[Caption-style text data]
▽

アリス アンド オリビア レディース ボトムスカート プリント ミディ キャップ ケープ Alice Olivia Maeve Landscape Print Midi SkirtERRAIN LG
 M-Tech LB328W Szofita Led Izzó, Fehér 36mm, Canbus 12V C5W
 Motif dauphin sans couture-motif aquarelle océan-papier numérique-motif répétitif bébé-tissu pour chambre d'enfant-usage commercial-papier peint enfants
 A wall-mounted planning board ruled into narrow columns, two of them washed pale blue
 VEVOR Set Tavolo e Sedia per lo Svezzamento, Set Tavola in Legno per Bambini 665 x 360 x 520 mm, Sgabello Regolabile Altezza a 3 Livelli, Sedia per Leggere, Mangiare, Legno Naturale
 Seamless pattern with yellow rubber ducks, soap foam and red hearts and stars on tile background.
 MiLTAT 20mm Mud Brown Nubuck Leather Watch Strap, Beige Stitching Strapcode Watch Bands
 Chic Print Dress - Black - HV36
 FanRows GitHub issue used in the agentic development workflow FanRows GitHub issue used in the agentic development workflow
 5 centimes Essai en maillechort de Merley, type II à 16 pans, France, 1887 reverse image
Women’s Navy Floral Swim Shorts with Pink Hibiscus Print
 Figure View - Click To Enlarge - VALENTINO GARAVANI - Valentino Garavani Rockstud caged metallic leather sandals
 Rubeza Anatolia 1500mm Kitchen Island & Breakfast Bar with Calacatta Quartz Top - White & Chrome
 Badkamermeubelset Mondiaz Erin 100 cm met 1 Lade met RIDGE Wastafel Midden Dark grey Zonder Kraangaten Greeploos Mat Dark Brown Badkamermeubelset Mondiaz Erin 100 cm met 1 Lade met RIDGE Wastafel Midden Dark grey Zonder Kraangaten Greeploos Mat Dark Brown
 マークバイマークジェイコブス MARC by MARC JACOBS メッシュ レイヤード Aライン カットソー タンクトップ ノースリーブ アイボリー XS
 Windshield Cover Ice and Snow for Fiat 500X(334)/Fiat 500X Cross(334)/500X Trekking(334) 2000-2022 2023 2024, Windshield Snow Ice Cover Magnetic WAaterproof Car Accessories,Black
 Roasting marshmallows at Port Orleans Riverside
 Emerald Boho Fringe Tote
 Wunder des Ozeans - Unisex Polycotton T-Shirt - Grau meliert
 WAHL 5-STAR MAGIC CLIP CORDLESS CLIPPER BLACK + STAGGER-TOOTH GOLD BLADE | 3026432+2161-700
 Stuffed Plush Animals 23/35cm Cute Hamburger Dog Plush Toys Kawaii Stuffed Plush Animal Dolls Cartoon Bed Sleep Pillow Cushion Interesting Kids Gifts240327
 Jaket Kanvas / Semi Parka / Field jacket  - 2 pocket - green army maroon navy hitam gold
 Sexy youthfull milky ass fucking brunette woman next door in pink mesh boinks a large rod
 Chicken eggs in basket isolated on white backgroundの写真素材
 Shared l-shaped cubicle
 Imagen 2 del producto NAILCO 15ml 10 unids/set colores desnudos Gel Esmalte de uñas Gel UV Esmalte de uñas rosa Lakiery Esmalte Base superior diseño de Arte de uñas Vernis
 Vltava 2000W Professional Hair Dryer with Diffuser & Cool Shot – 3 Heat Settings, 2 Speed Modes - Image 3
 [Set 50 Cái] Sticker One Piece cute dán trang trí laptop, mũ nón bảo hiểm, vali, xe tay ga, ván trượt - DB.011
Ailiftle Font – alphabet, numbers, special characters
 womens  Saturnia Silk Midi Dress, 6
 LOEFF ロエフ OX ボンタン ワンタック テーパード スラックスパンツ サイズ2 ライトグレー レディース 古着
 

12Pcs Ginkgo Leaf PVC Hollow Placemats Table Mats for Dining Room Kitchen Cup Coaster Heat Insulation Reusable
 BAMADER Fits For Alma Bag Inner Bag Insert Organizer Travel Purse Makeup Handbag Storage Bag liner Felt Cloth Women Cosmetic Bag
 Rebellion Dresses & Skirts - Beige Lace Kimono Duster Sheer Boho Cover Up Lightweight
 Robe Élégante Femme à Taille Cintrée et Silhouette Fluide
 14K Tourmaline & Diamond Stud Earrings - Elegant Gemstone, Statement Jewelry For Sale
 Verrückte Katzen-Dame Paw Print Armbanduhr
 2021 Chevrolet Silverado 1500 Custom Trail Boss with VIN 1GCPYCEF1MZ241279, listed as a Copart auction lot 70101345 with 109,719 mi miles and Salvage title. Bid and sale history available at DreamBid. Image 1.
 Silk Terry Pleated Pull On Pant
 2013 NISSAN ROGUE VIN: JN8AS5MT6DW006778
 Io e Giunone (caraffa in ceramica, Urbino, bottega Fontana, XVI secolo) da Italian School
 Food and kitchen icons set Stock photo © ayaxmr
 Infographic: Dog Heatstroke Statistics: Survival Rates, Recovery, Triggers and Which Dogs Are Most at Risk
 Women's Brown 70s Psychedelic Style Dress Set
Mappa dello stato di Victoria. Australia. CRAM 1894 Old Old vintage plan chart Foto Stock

△

Prompt:
Only one stretch of the data above is needed. Restate it word for word, from the line containing "Motif dauphin sans" through the line containing "Rubeza Anatolia 1500mm", both ends included.

Solution for this problem:
 Motif dauphin sans couture-motif aquarelle océan-papier numérique-motif répétitif bébé-tissu pour chambre d'enfant-usage commercial-papier peint enfants
 A wall-mounted planning board ruled into narrow columns, two of them washed pale blue
 VEVOR Set Tavolo e Sedia per lo Svezzamento, Set Tavola in Legno per Bambini 665 x 360 x 520 mm, Sgabello Regolabile Altezza a 3 Livelli, Sedia per Leggere, Mangiare, Legno Naturale
 Seamless pattern with yellow rubber ducks, soap foam and red hearts and stars on tile background.
 MiLTAT 20mm Mud Brown Nubuck Leather Watch Strap, Beige Stitching Strapcode Watch Bands
 Chic Print Dress - Black - HV36
 FanRows GitHub issue used in the agentic development workflow FanRows GitHub issue used in the agentic development workflow
 5 centimes Essai en maillechort de Merley, type II à 16 pans, France, 1887 reverse image
Women’s Navy Floral Swim Shorts with Pink Hibiscus Print
 Figure View - Click To Enlarge - VALENTINO GARAVANI - Valentino Garavani Rockstud caged metallic leather sandals
 Rubeza Anatolia 1500mm Kitchen Island & Breakfast Bar with Calacatta Quartz Top - White & Chrome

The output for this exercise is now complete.